Better Left Buried
by PrettyLittleWreck
Summary: Remy, Scott, Kurt, and Pietro go to Caldecott County to learn more about Rogue, but soon regret knowing what they do. Just a look into Rogue's powers with a dark little twist. For the moment it's a one-shot, but I'm debating continuing it if people seem to like it, so please review if you want it to be continued. Rated T for dark themes ad mentions of suicide.
1. Chapter 1

Better Left Buried

**Disclaimer: so I wanted to put a darker spin on Rogue's past and powers, and I'm honestly not sure if I want to make this just a one-shot or if I want to continue it. Let me know what you think, please! It includes several characters but focuses on Rogue. Reviews are appreciated, even the bad ones!**

They weren't sure why they were here. Most of them sent glares at each other and wanted nothing more than to brutally fight to the death then and there, but of course they knew they couldn't. They needed to finish the mission, even if it was random as all hell and they weren't even all on the same team. The X-Men were mixed with the Brotherhood, and tension was high between the groups. Scott, and Kurt stayed as far away from Pietro and Gambit as they possibly could. They were in Caldecott County, Mississippi, and they were trying to find background information on Rogue. Honestly, none of them knew why the sudden interest in her had started, but both Erik and Charles said it was very important that they found out as much about her past as they could, and none of them could deny that they were curious about their friend and teammate's past. She was very secretive, after all, and it drove them crazy trying to figure her out.

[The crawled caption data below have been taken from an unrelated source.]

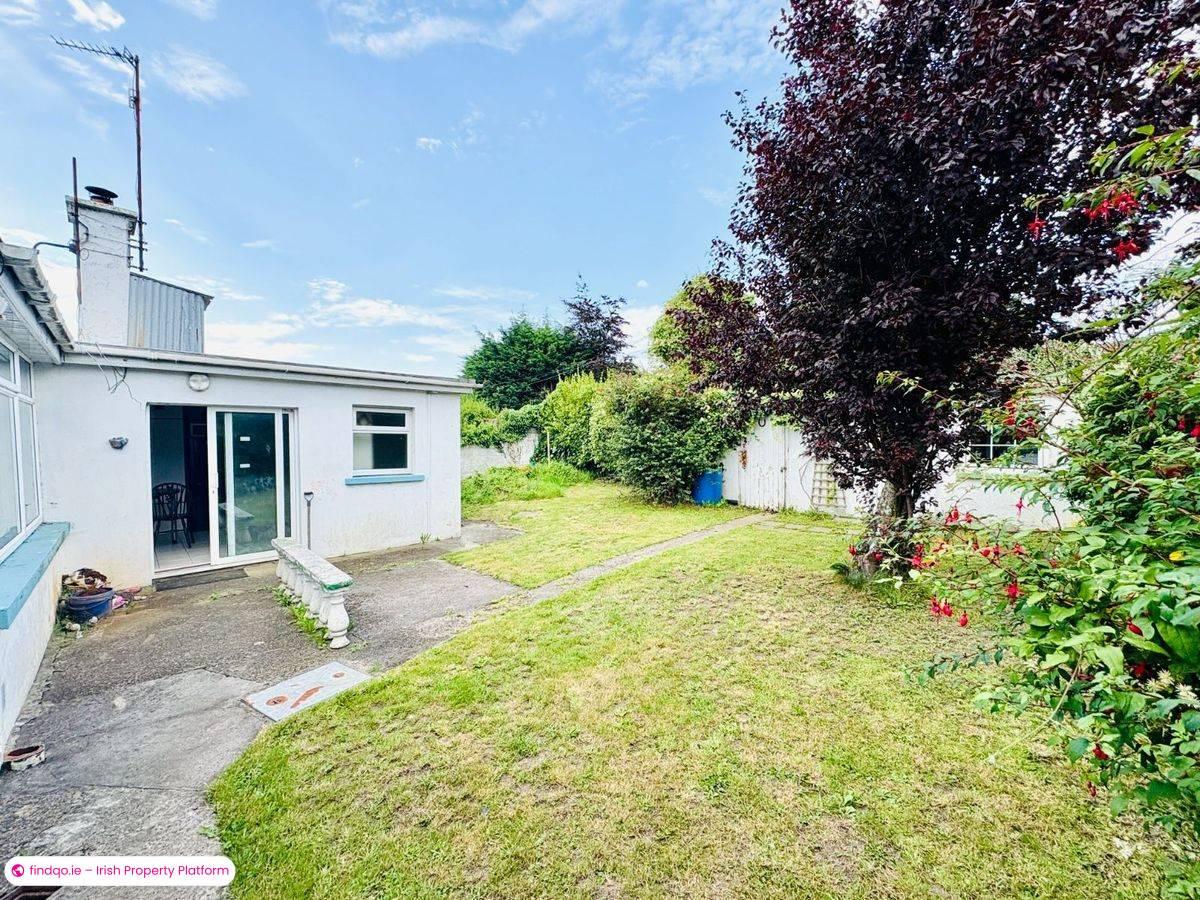 Bungalow for Sale in Tralee, Kerry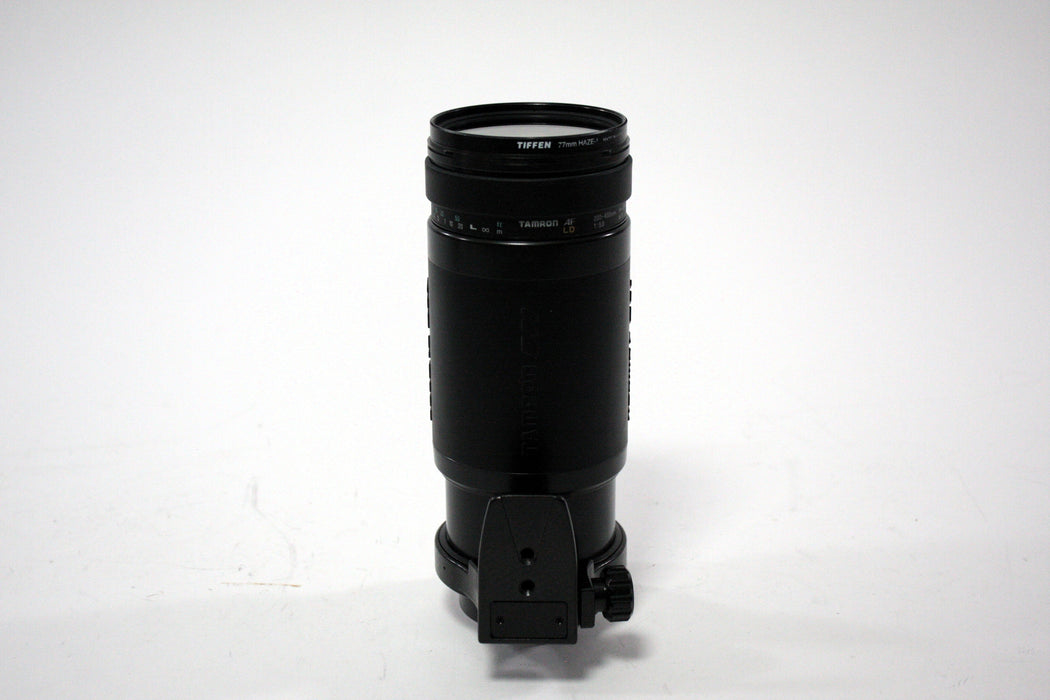 Tamron 200-400mm f5.6 AF Minolta/Sony A Mount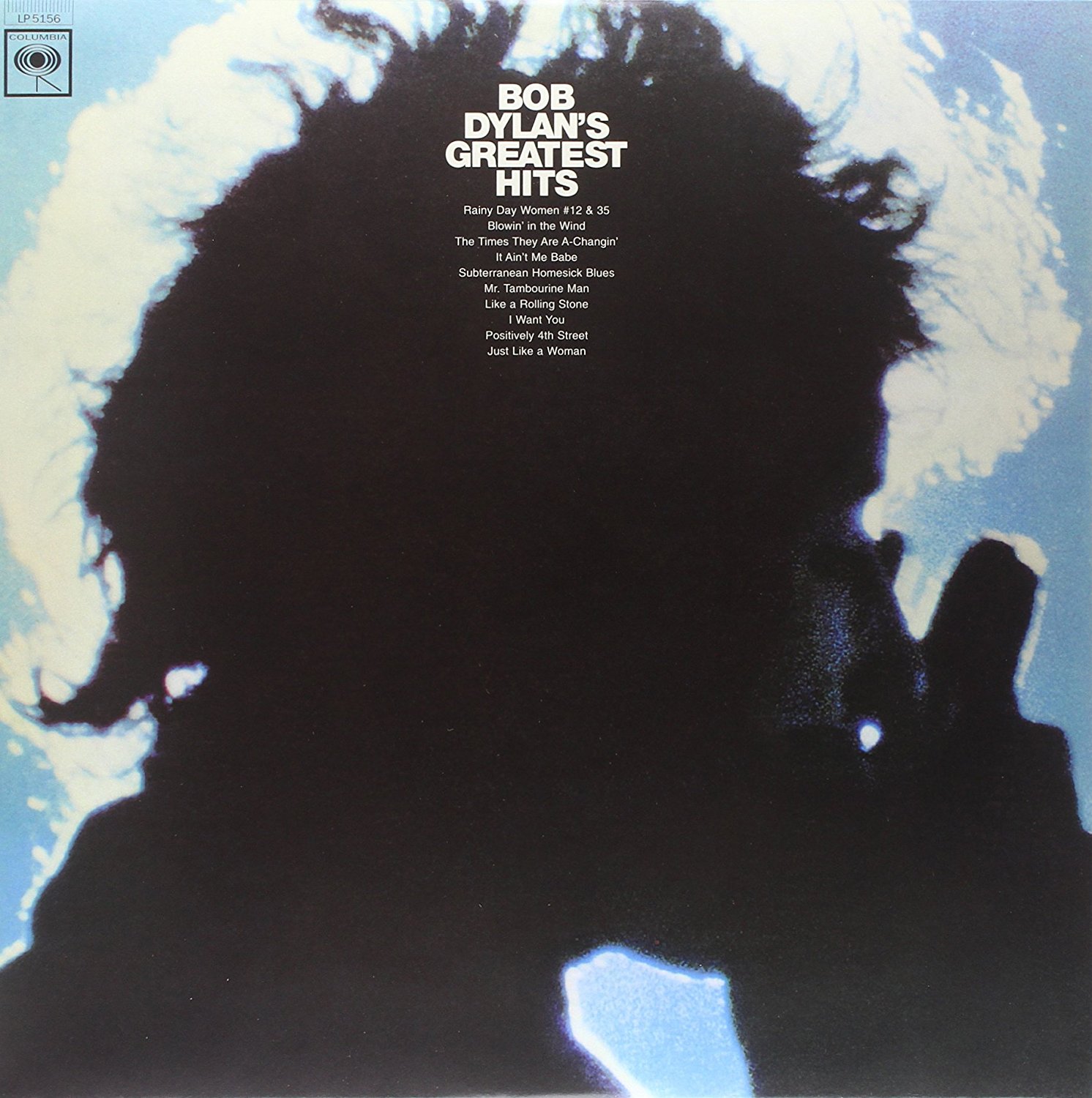 Bob Dylan - Greatest Hits (Vinyl)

"Can we stop glarin' at each otha long enough to finish the mission?" Gambit asked finally. "The soona we ask some questions from anyone who might'a known Rogue, the soona we can get home." The others grumbled but did as they were asked, finally agreeing to continue with the mission instead of just standing around and wasting time.

"Where should we ask first?" Pietro asked, looking around. Caldecott County was small, so he figured it wouldn't be that hard to get what they were looking for. They stepped into an inn and Scott walked up to the counter, smiling pleasantly at the woman behind the counter as the other three followed him.

"What can I do for y'all?" the woman asked, looking up from her computer with a friendly grin.

"Actually, we're looking for some information on a friend of ours that used to live here. Anna Marie? Do you know her?" Scott asked as the others crowded around him. Instantly the woman's smile dropped into a frown.

"If this is some kind of sick joke, it's not very funny." She huffed angrily.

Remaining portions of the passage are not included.